Essa vigilância que aguarda
no recuo,
pronta para o salto.
O amor é o salto
o vértice de um pensamento
que por demais repleto
de mundo percebido pela fresta
perde os seus limites de conceito nítido:
escorre.
O amor é a perda do mundo,
o sal e a água chorados
pelo outro lado dos olhos:
o lado do impulso e do arremate
o lado que celebra as normas.
O amor é o bravo
destemido riso
de toda a epiderme rindo
perdidamente
da imaginação traída.
Surfista
Tinha o corpo pronto para fazer filhos
e surfar a grande.
Não lhe guardei o nome. Era um homem
de ancas estreitas e ombros largos.
O seu peito arrostava os repelões do ar.
Não perdia o equilíbrio
e a musculatura o trazia
a um palmo acima da água.
Tanta força e destreza
vinham-lhe do arcabouço exato.
Veloz, impunha respeito às gaivotas.
Elas não lhe batiam no crespo da cabeça
de caracóis duros como os das estátuas.
Era um homem feito
e sabia o quanto.
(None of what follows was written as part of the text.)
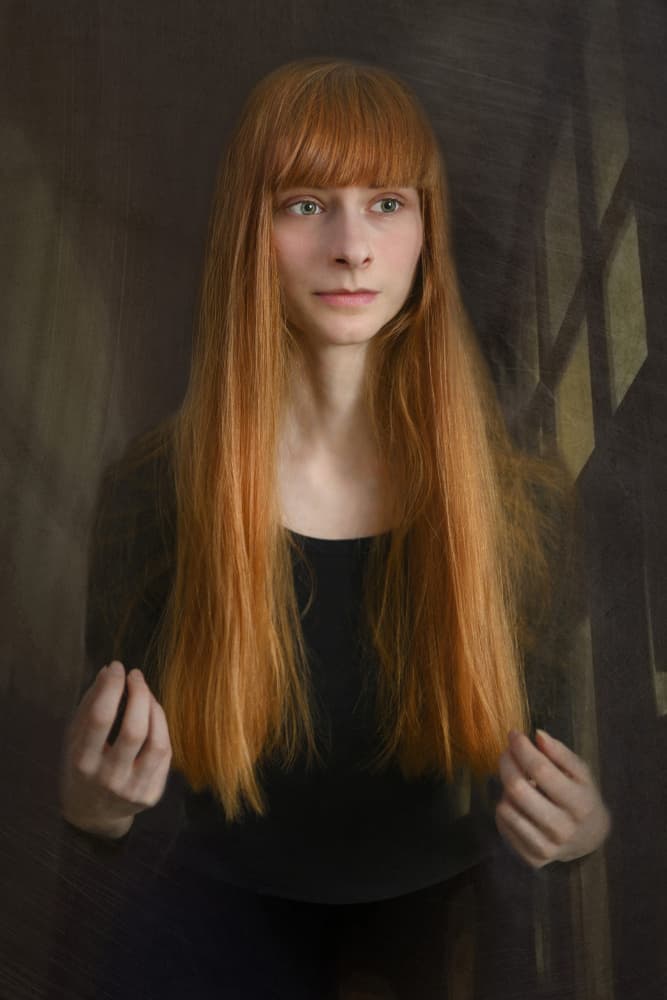 Pensive Redhead Portrait by Joanna Ras — canvas wall art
Ele pensava
a sua descendência de ouro.
Esperma e espuma fosforesciam na noite.
O surfista corria pelo escuro do mar
sonhando novos obstáculos –
o olhar esperto e vigilante.
Golpeado por um impulso a contrapelo
– vagalhão sem lei –
a prancha partiu-se em dois
e os urubus lhe abriram espaço
no céu das gaivotas.
Da praia sua descendência se desata
no raso da vazante – maré vazia.
Circunvoluções e invólucro
Não tenho medo de ir à Lua.
Vou
Volto
Continuo
dentro
da
cápsula.
Não sou astronauta
coisa nenhuma.
Sou
o único
remanescente
de uma
consciência
cheia
de nódoas? – Nunca.
De nós-pelas-costas.
Vida: objeto de desejo
Nós desejamos pinguins.
Não os de geladeira
com seu peso fixo de massa pintada
sua estatuária de cozinha
sem nenhum sopro de da Vinci.
Nós desejamos pinguins.
Não os das geleiras
que nos esfriam os dedos
ao toque de suas penas firmes.
Frios são os caminhos que a morte nos envia.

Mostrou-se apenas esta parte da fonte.